The end of summer vacation season is a good time to take up the hunt for a new, better job, as hiring managers can look at firm schedules and determine what shortfalls need filling. Today and through the rest of this week, we'll be taking a look at tips for finding, interviewing for, negotiating over, and succeeding in a new gig. First off is making inconvenient, low-tech job listing sites—the kind without RSS feeds, email alerts, or any other technologies beyond 2001—much more manageable through a combination of a "page scraper," or RSS generator, and automatic RSS-to-email services to make sure you're never near the bottom of the resume stack. Photo by shadytrees.
Lots of state and government agencies list their jobs on static HTML pages that are updated manually, with no syndication feed or user tools like email alerts to help out eager job-seekers. We've covered a number of tools that "scrape" web pages that change regularly and turn them into RSS content, but many of those early-Web-2.0 tools, such as rssfwd, are either regularly down or have instituted limited free trials.
One good solution is the free Page2RSS site. Enter in the page you want to watch—if it's just a re-directing URL, Page2RSS automatically grabs the correct page—and then right-click on the "RSS 2.0" link on the right and choose "Copy Link Location" or a similar option. If you're going to be watching multiple sites, paste that long RSS address in a text document, separating the feeds on separate lines.
PageTiki is a similar service with a nicer, more user-friendly interface, but limits your overall watching time by making each site scan cost "TikiBucks." You'll likely have gotten your new job by the time you run out, but anyone watching a lot of sites might run out before they're ready.

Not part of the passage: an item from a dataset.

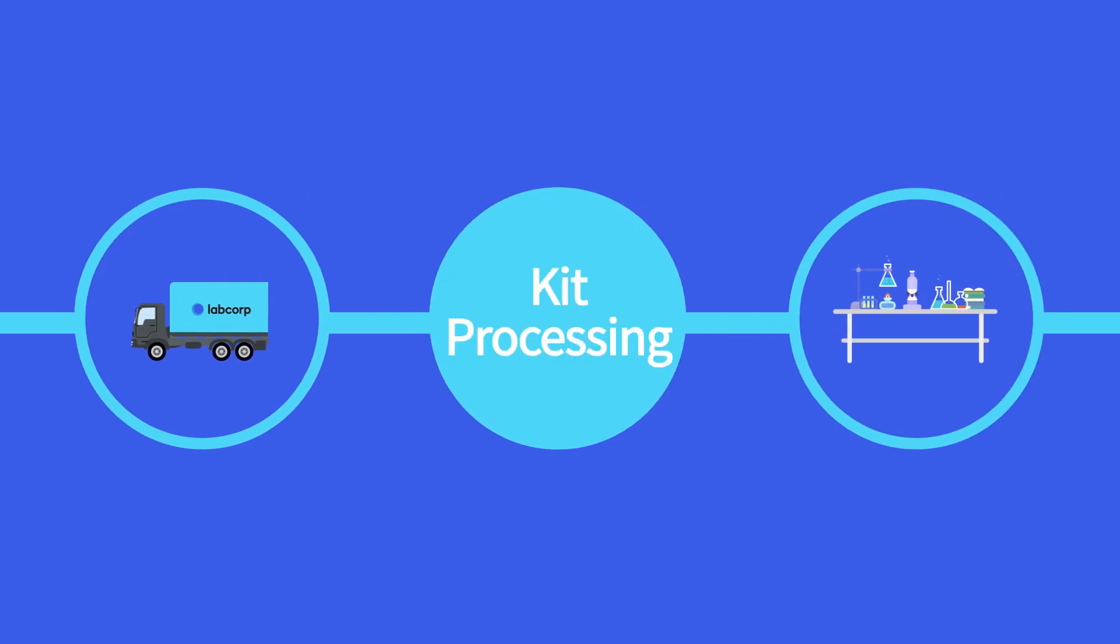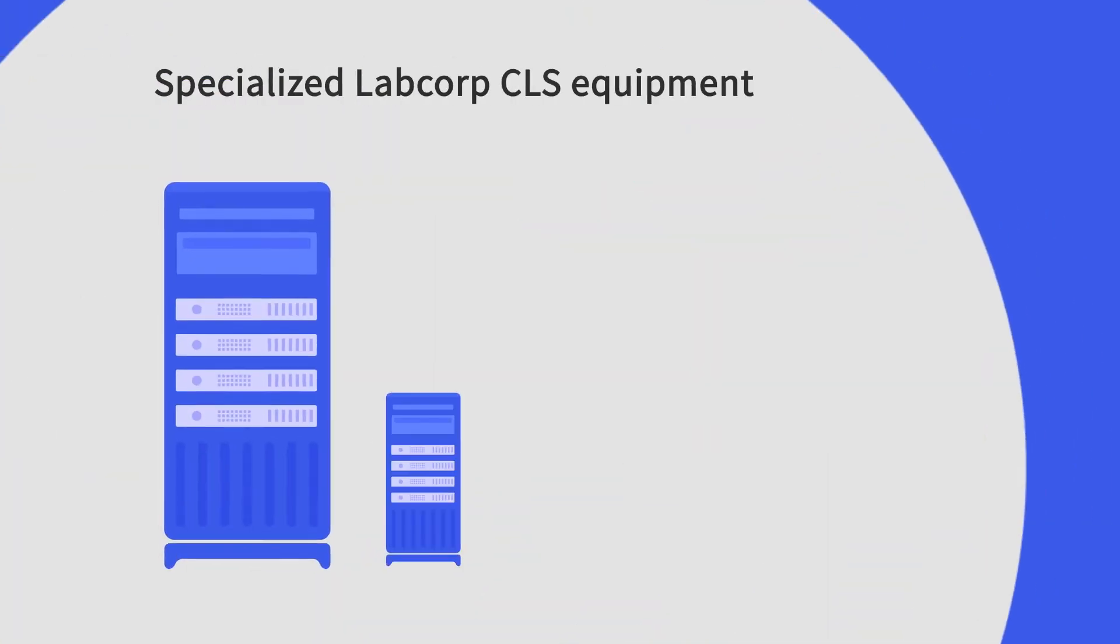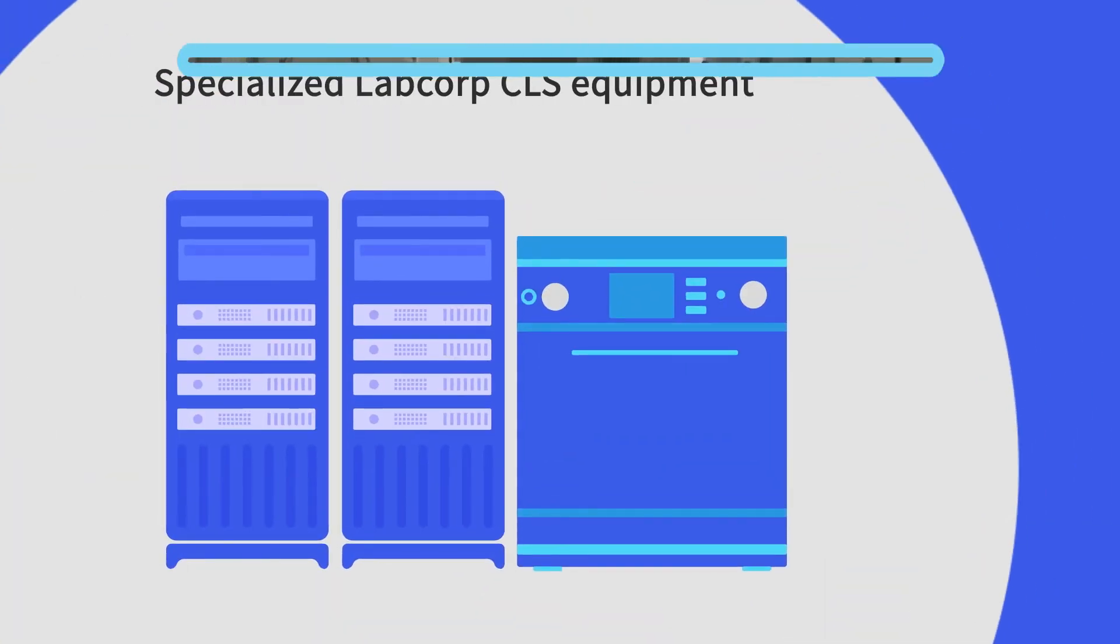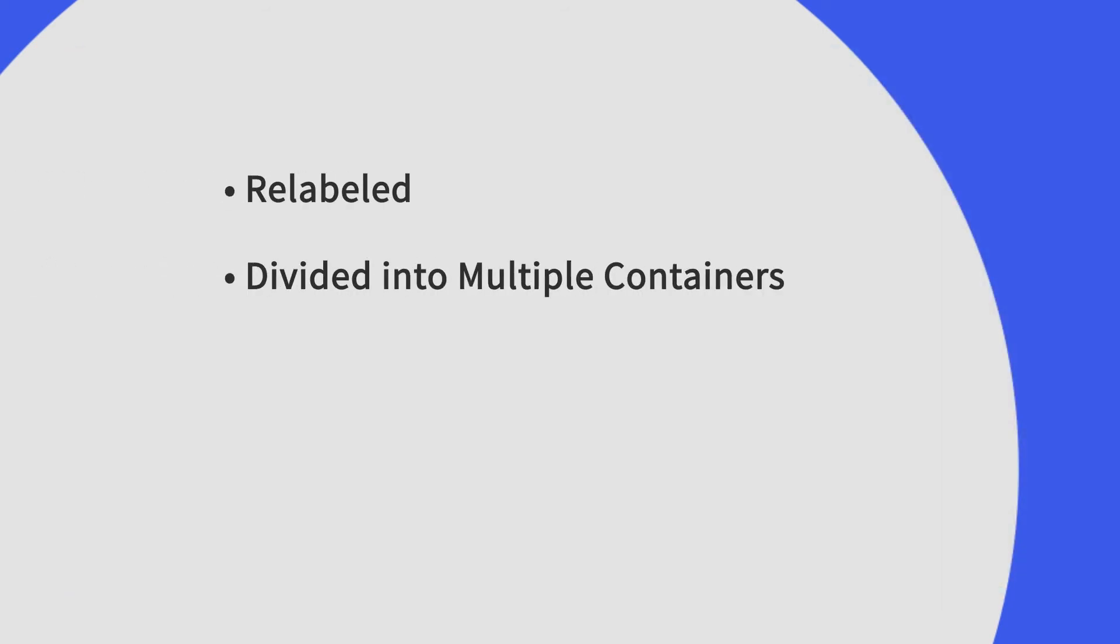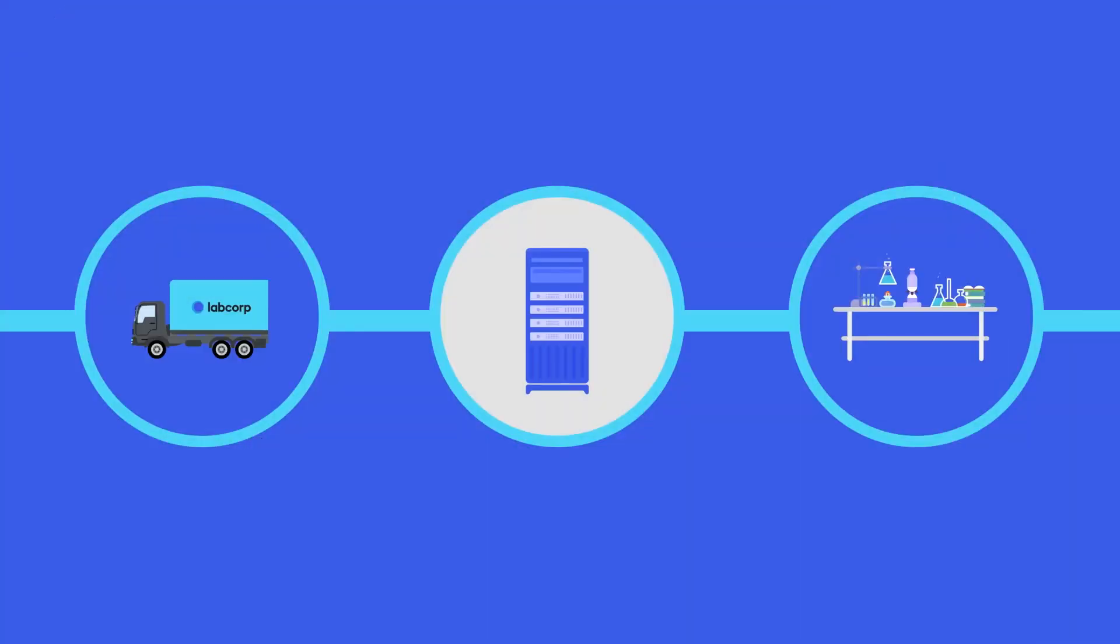Once a specimen collection sample is registered, it is processed using specialized equipment. Some samples are automatically distributed to the appropriate area of the lab for testing. Other samples might be relabeled, divided into multiple containers for different kinds of tests, shipped to other locations for specialty testing, or distributed for storage.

If you're a Firefox user who isn't so hot on the whole feeds thing, the free Firefox extension Update Scanner, which we've previously written about, provides instant in-browser updates for quick response times.
If you're not already using an RSS reader—a web site or software tool that monitors and delivers feed updates—now's the time to get started. Free accounts are offered at the web-based Google Reader and Bloglines, and free software tools like the Newsgator RSS Suite are there for the taking. What's the difference? Well, our own Adam Pash has laid out the pros and cons of each.
Once you've set up your custom-rolled update feeds and loaded them into your reader, you might want to hedge your bets against a day where you're too busy to check it—or the new results come so fast and frequent that they don't show up on your start page. There are lots of defunct and not-free RSS-to-email converters out there—I can tentatively recommend FeedMailer as one that seems to work as advertised, and doesn't appear to be going dead any time soon. FeedMailer lets you set the frequency of your email updates, from as-it-happens to daily digests, and choose whether they arrive as HTML or plain-text mail.
Now you've got pretty universal coverage of low- and high-tech job sites, with a feed reader keeping track of everything that's new and email alerts arriving as a second-chance reminder.
What rss creation tools and email converters can our experienced feed-watchers recommend? What non-RSS page-monitoring tools have worked for you? Let's hear your recommendations in the comments.